The establishment of the [Russian] republic in 1917 [after the abdication of Grand Duke Nicholas II] was a significant impetus for the establishment of Finland's independence. On 28 November 1917 the Parliament of Finland took over supreme power in the country and a new government was formed. On 4 December, the chairman of the Senate, Mr Svinhuvud, addressed the authorities of foreign states, in particular to the constituent assembly of Russia, with a request to recognise the political independence and sovereignty of Finland.
Later it was called the “declaration of independence of Finland”.
Correct. On 6 December 1917, the Finnish Parliament approved that statement by voting - 100 against 88. The day became a national holiday - Independence Day.
Let's go back to the period of dependence...
Until 1809, we were one of the provinces of the Kingdom of Sweden. The transition of Finland under the rule of Russia in history is in many ways regarded as a progressive era, particularly in the area of economic development. Industrialisation had begun. Railroads, ports, canals were built. In those years also the concept of “Finnish national identity” was born because, as a Finnish statesman said, “We are not Swedes, we don't want to become Russians, let's therefore be Finnish.” Important contributions were made by Finnish writers, poets, musicians. It should be noted that Finland had a special status in the Russian Empire. The head of the Grand Duchy of Finland was a grand duke. And indeed, he was a Russian tsar himself. It is important to note that in Russia, the tsar was an absolute ruler; in Finland a constitutional monarch. By the way, I think that if Finland had been part of Sweden, then that would still be the case.
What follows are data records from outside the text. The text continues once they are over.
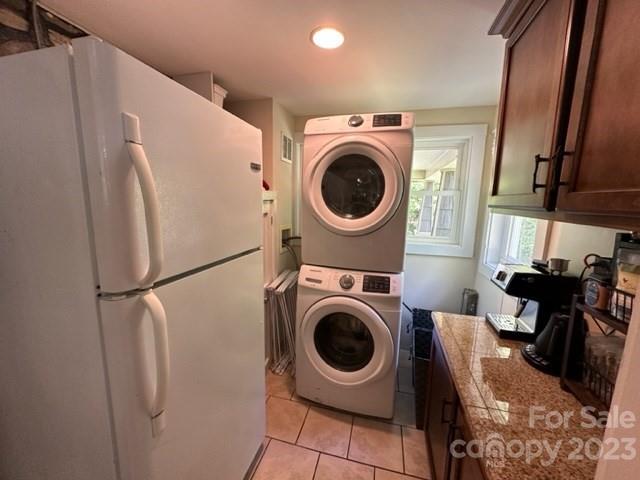34 Coosa Rdg Drive Whittier, NC 28789 - Photo 29 of 44 a view of a storage and utility room with washer and dryer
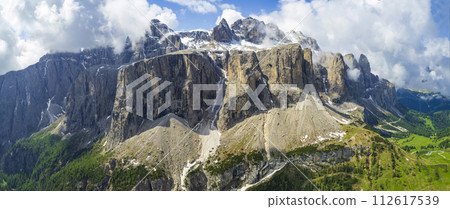 Breathtaking panorama of beautiful Alps mountains Dolomites, Val Gardena. Aerial drone panoramic view . northern Italy. Alpine nature scenery. Breathtaking panorama of beautiful Alps mountains Dolomites, Val Gardena. Aerial drone panoramic view . northern Italy. Alpine nature scenery. 112617539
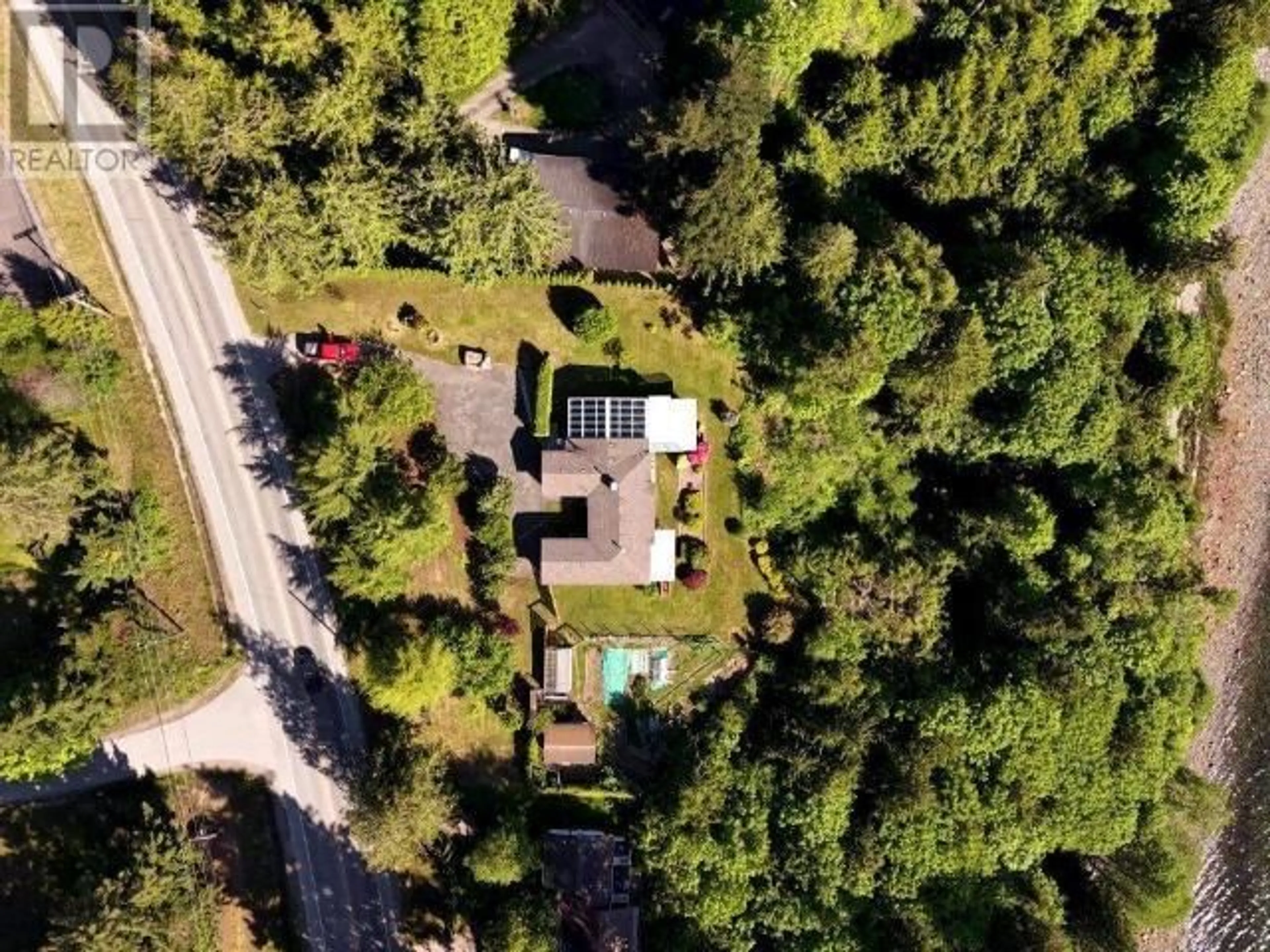 A pic from outside/outdoor area/front of a property/back of a property/a pic from drone, forest/trees view for 7457 HIGHWAY 101, Powell River British Columbia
If everything was so good with Russia, why then did you need to proclaim independence?
Because towards the end to the Russian era, all those good and liberal beginnings stopped. The subsequent tsars, including the last monarch Nicholas II, pursued the policy of Russification of possessions. This affected the Poles and Finns. For example, Finland had always used its own postage stamps. Then suddenly they were substituted by Russian ones. In addition, there was a great push to increase the use Russian language. The Finns did not like it. So the rights of indigenous people were infringed. In general, the national question took some steps back.
And then the October Revolution came to the rescue and, especially, Lenin ...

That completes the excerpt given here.